Compared to ASICs, FPGAs are not generally perceived as power efficient because they use a larger amount of transistors to provide programmability on the chip. Our goal of this research is to reduce the power consumption of FPGAs without sacrificing much performance or incurring a larger chip area. Here is a high-level illustration of our research.
FPGA Architecture Evaluation for Low Power
We develop a flexible FPGA architecture evaluation framework, named fpgaEVA-LP, for power efficiency analysis of LUT-based FPGA architectures. Our work has several contributions: (i) We develop a mixed-level FPGA power model that combines switch-level models for interconnects and macromodels for LUTs; (ii) We develop a tool that automatically generates a back-annotated gate-level netlist with post-layout extracted capacitances and delays; (iii) We develop a cycle-accurate power simulator based on our power model. It carries out gate-level simulation under real delay model and is able to capture glitch power; (iv) Using the framework fpgaEVA-LP, we study the power efficiency of FPGAs, in 0.10um technology, under various settings of architecture parameters such as LUT sizes, cluster sizes and wire segmentation schemes and reach several important conclusions. We also present the detailed power consumption distribution among different FPGA components and shed light on the potential opportunities of power optimization for future FPGA designs (e.g., 0.10um technology).
FPGA Circuit Design For Low Power
Traditional FPGAs use uniform supply voltage Vdd and uniform threshold voltage Vt. We propose to use pre-defined dual-Vdd and dual-Vt fabrics to reduce FPGA power. We design FPGA circuits with dual-Vdd/dual-Vt to effectively reduce both dynamic power and leakage power, and define dual-Vdd/dual-Vt FPGA fabrics based on the profiling of benchmark circuits.

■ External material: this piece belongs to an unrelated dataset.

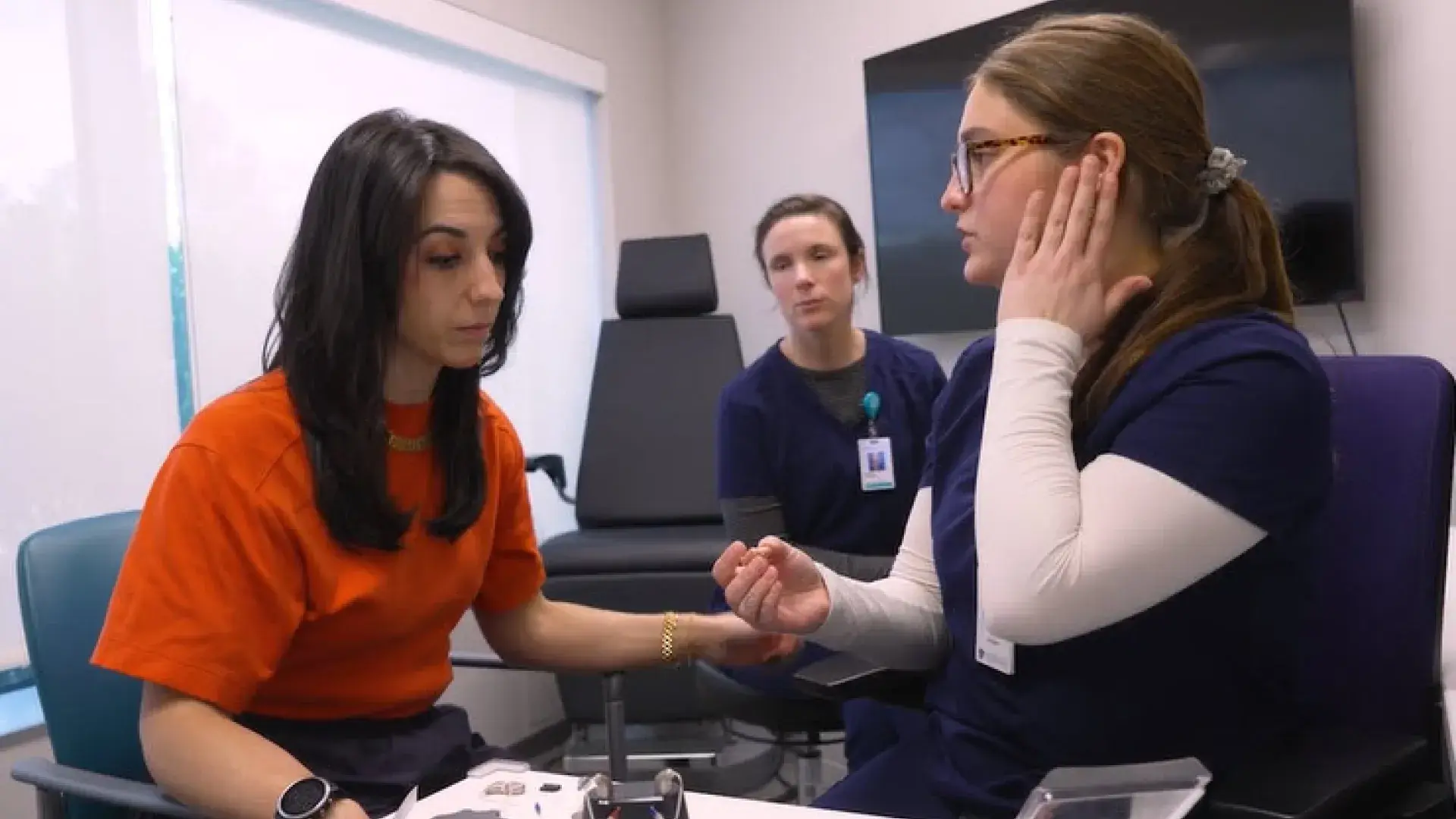 AuD students at MGH IHP engaging in a practical clinical training session under faculty guidance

We further develop CAD algorithms including power-sensitivity based voltage assignment and simulated-annealing based placement to leverage such fabrics. Compared to the conventional fabric using uniform Vdd/Vt at the same target clock frequency, our new fabric using dual Vt achieves 9% to 20% power reduction. However, the pre-defined FPGA fabric using both dual Vdd and dual Vt only achieves on average 2% extra power reduction. It is because that the pre-designed dual-Vdd layout pattern introduces non-negligible performance penalty. Therefore, programmability of supply voltage is needed to achieve significant power saving for dual-Vdd FPGAs. To our best knowledge, it is the first in-depth study on applying both dual-Vdd and dual-Vt to FPGA considering circuits, fabrics and CAD algorithms.
FPGA Logic Synthesis for Low Power
One of the popular design techniques for power reduction is to lower supply voltage, which results in a quadratic reduction of power dissipation. However, the major drawback is the negative impact on chip performance. A multiple supply voltage design in which a reduction in supply voltage is applied only to non-critical paths can save power without sacrificing performance. In our work we develop a low-power FPGA mapping algorithm, named DVmap, with consideration of delay and power optimization crossing two supply voltages. We do not add the constraint that the low-Vdd and the high-Vdd LUTs have to be clustered separately since FPGA architecture can program the voltages of the build-in LUTs and converters as needed. We use the cut-enumeration technique to produce all the possible ways of mapping a LUT rooted on a node. We then generate different sets of power and delay solutions for each possible way based on the various voltage changing scenarios. After the timing constraint is determined, the non-critical paths will be relaxed in order to accommodate low-Vdd LUTs to reduce power. Due to the involvement of level converters and their additional delays, we use two types of required times during mapping to guarantee that the final mapping delay is still optimal. To show the efficiency of our algorithm, we first design a mapping algorithm with single Vdd, which uses similar cost function as that in DVmap and relaxes the non-critical paths based on cost estimation to achieve better power results. The single-Vdd mapper, named SVmap, shows advantages over the latest published low-power mapping algorithms. We then show that our dual-Vdd mapping algorithm DVmap can further improve SVmap by up to 11.6% for power savings.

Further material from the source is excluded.